### Input for this task
*** Begin section ***

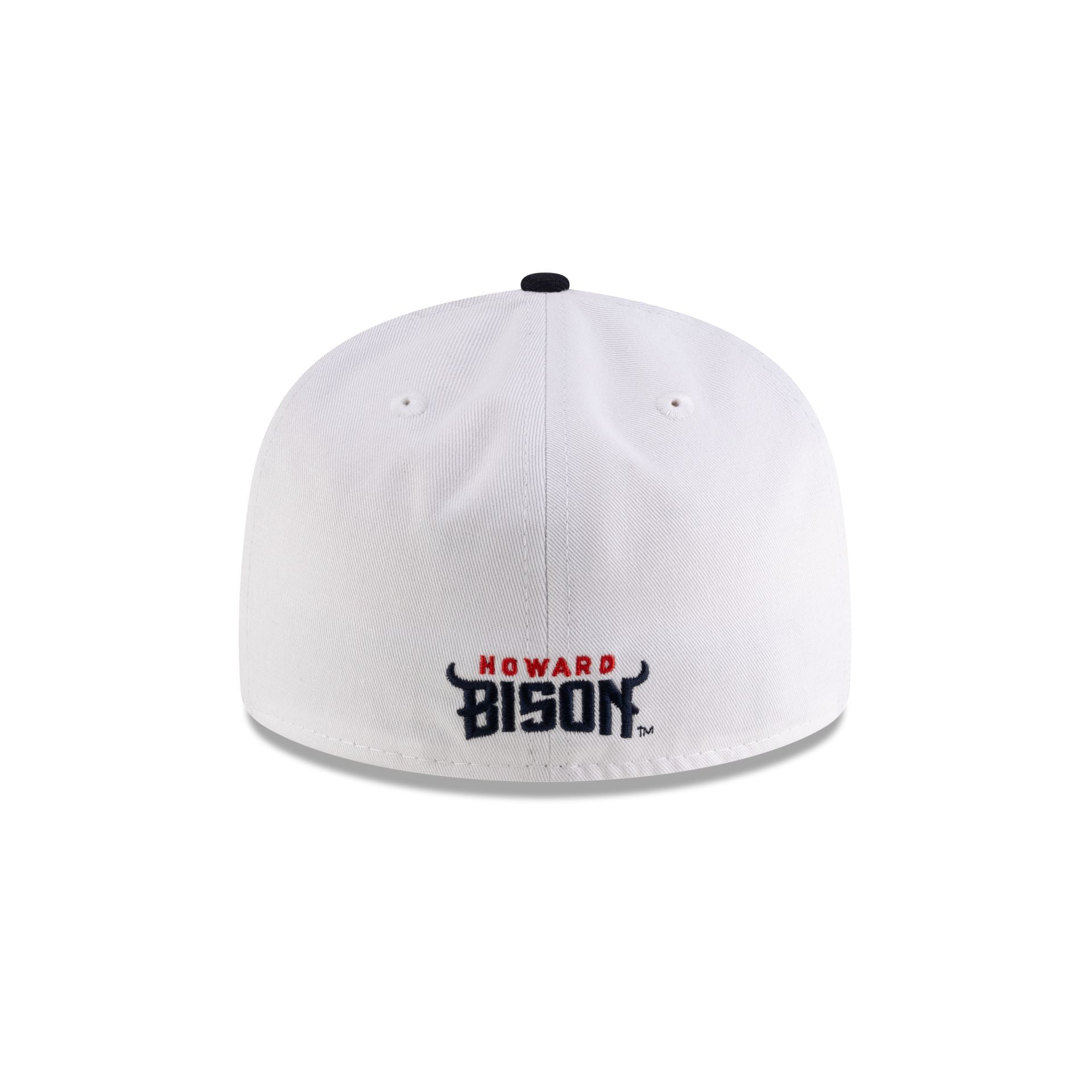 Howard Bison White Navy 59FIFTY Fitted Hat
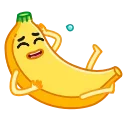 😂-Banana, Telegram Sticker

*** End section ***
*** Begin section ***

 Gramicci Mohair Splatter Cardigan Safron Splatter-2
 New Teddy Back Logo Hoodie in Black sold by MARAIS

*** End section ***

### Exercise directions
Word for word, restate the lines of the listing above starting at the line with "Gramicci Mohair Splatter" and ending at the line with "New Teddy Back", and nothing outside them.

### Exercise output
 Gramicci Mohair Splatter Cardigan Safron Splatter-2
 New Teddy Back Logo Hoodie in Black sold by MARAIS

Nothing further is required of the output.